Comment 2 Matt Turner 2016-08-17 20:25:32 UTC
Okay, the problem is that there are a ton of untyped_surface_writes, which "have side effects" and are therefore treated as barrier dependencies. add_barrier_dep() walks over the whole list of instructions in the basic block (of which there are about 10 thousand).

It seems a bit absurd to add a dependency on instructions on the other side of another barrier...

Maybe we could go ahead and schedule pending instructions when we see a barrier instead of doing all of this work?
Comment 3 Kenneth Graunke 2016-08-17 23:39:08 UTC
Oh, that is pretty absurd.  Scheduling things seems pretty reasonable.

Maybe an easier trick would be to make add_barrier_deps() stop when it hits something that's already a barrier.

If you have:

   <bunch of instructions we'll call A>
   barrier_1
   <bunch of instructions we'll call B>
   barrier_2

We need to make barrier_2 depend on everything in group B, and also barrier_1.  But since barrier_1 already depends on group A, we don't need to continue.

Something like:

      while (!prev->is_head_sentinel()) {
         add_dep(prev, n, 0);
         prev = (schedule_node *)prev->prev;

         if (is_scheduling_barrier(n->inst))
            break;
      }

Using is_scheduling_barrier approximates the right condition...we could also perhaps just add a schedule_node::is_barrier field that we set when calling add_barrier_deps(), and check here.
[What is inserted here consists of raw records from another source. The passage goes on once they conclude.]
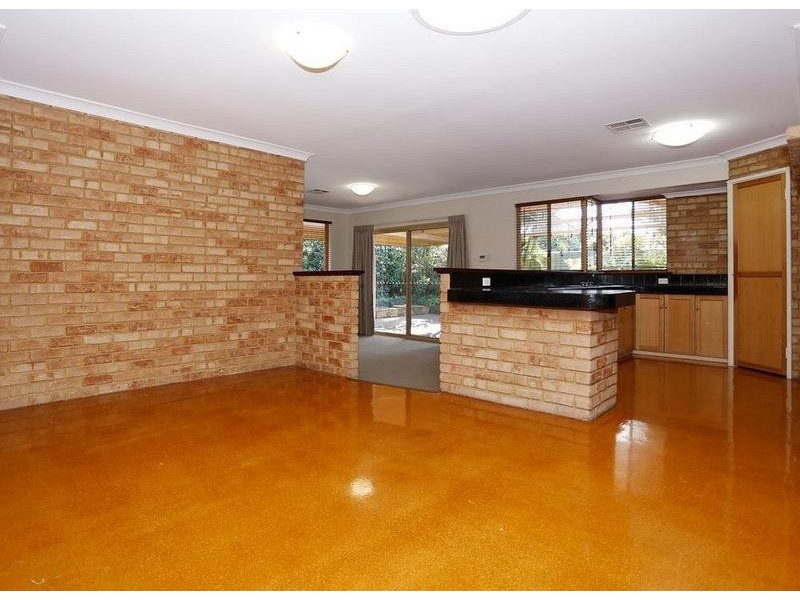 15 Springwood Way, Woodvale WA 6026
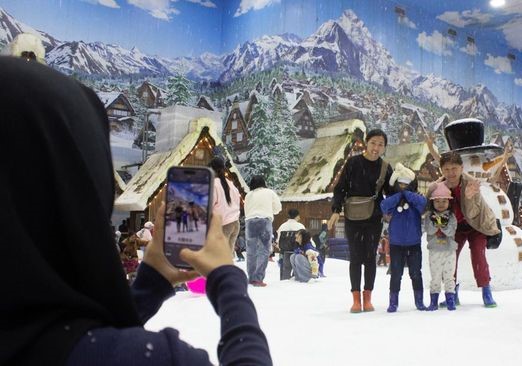 Libur Lebaran Seru di Trans Snow World dengan Promo Spesial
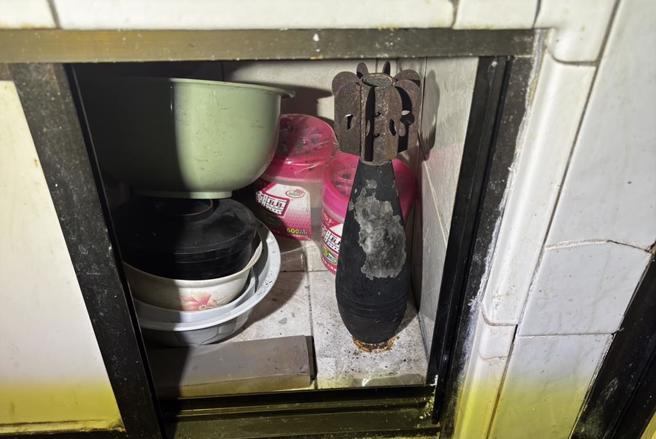 高雄市鼓山区程姓妇人在家中清理厨房时发现竟藏有未爆弹，吓得赶紧报警处理。（民眾提供／郭良杰高雄传真）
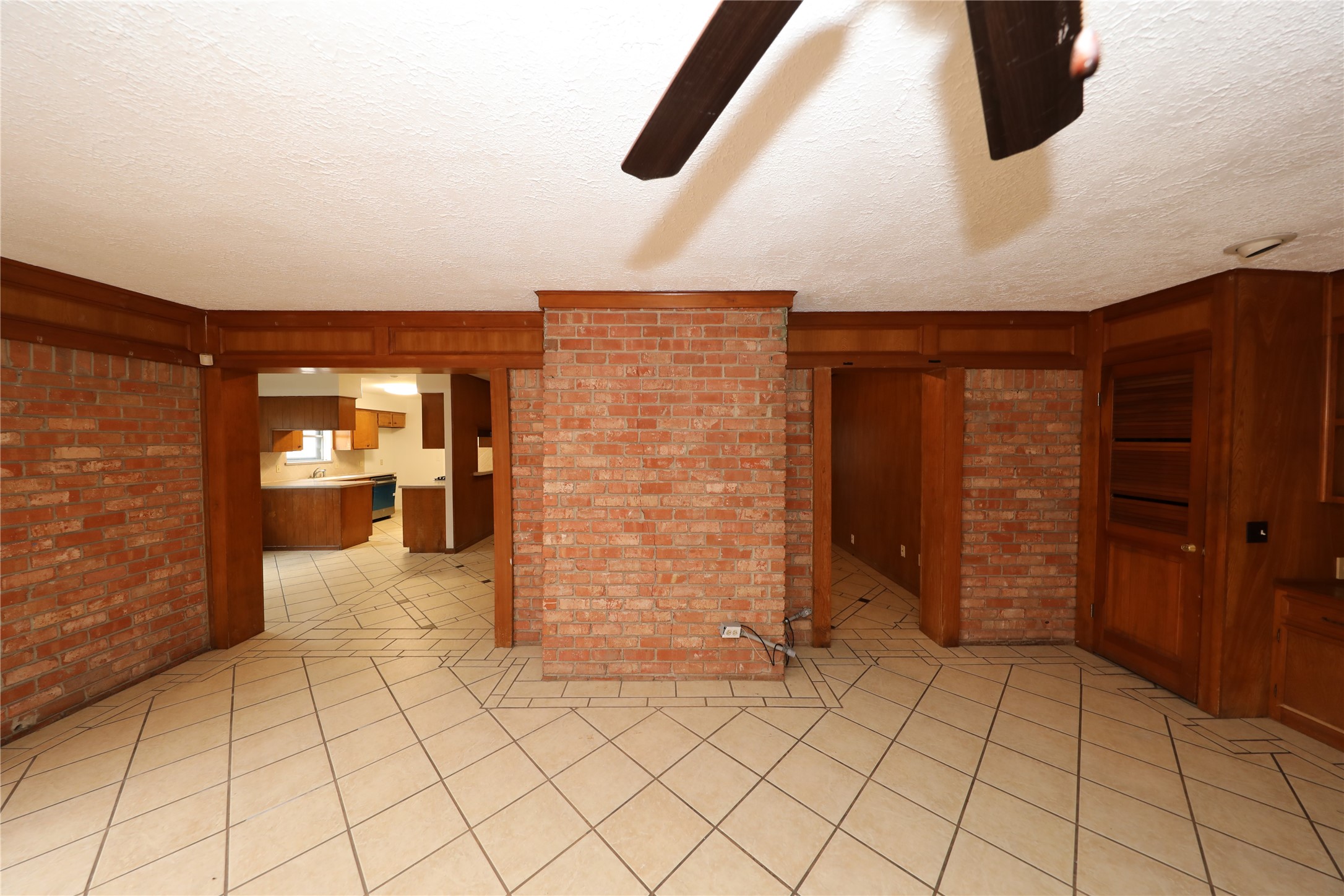 8519 Leader Street Houston, TX 77036 - Photo 20 of 27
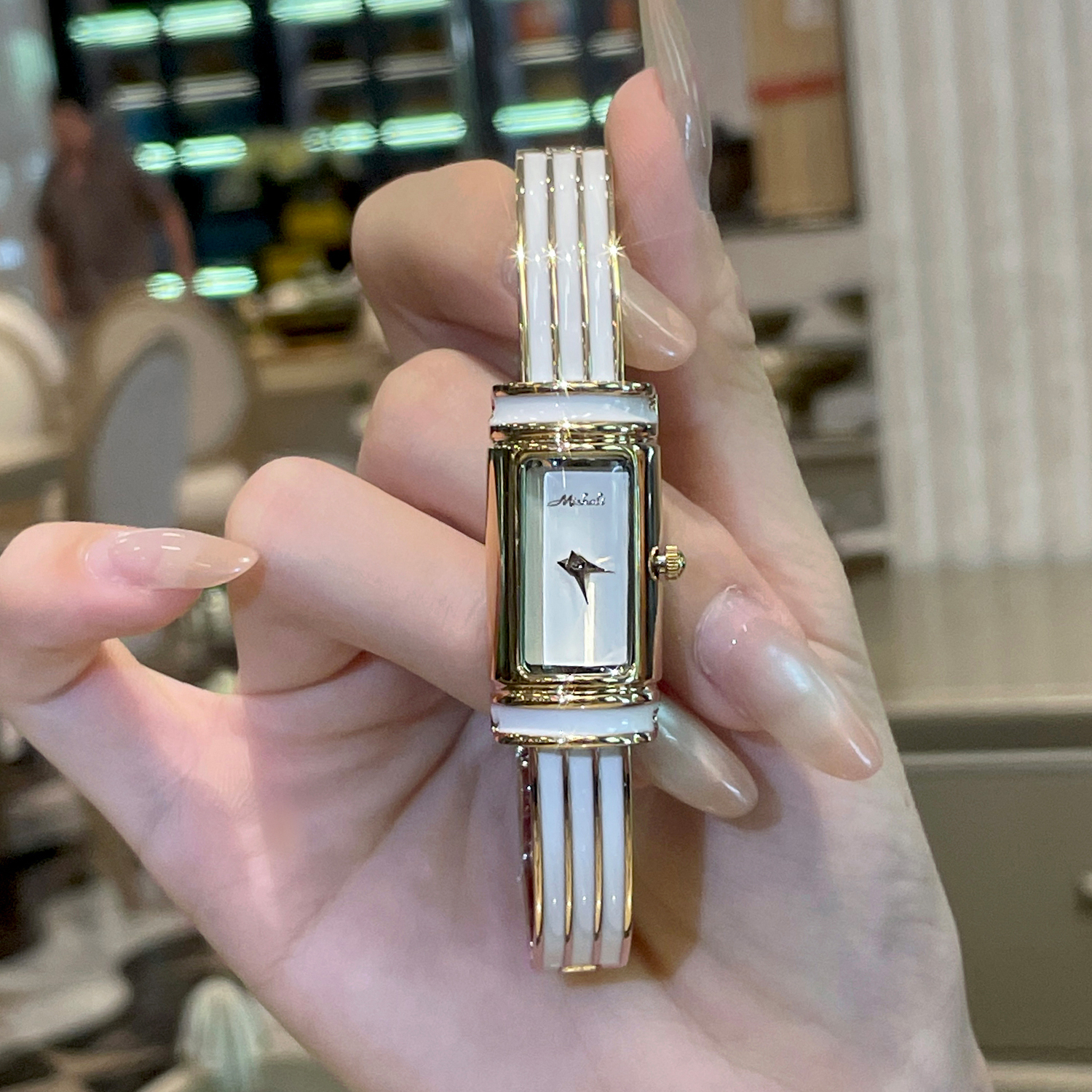 手镯式小众艺术气质手表女高颜值女式女款小巧精致女生女表职场表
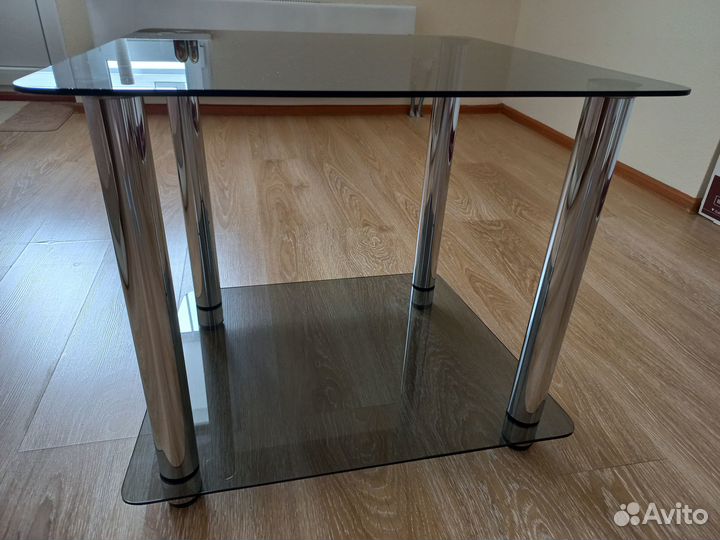 Столик под теле-видео аппаратуру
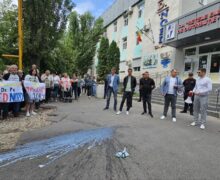 (ФОТО, ВИДЕО) В Бельцах организовали протест против продажи предприятия RED Nord. Дрон сбросил на протестующих «пакет с белой жидкостью»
Seems easy enough and would likely solve this.
Comment 4 Kenneth Graunke 2016-08-18 00:11:05 UTC
(In reply to Kenneth Graunke from comment #3)
> Oh, that is pretty absurd.  Scheduling things seems pretty reasonable.

What I meant was that your suggestion of scheduling outstanding work when we hit a barrier sounds reasonable.
Comment 5 Matt Turner 2016-08-20 01:24:28 UTC
Pushed as

commit a73116ecc60414ade89802150b707b3336d8d50f
Author: Matt Turner <mattst88@gmail.com>
Date:   Thu Aug 18 16:47:05 2016 -0700

    i965/sched: Simplify work done by add_barrier_deps().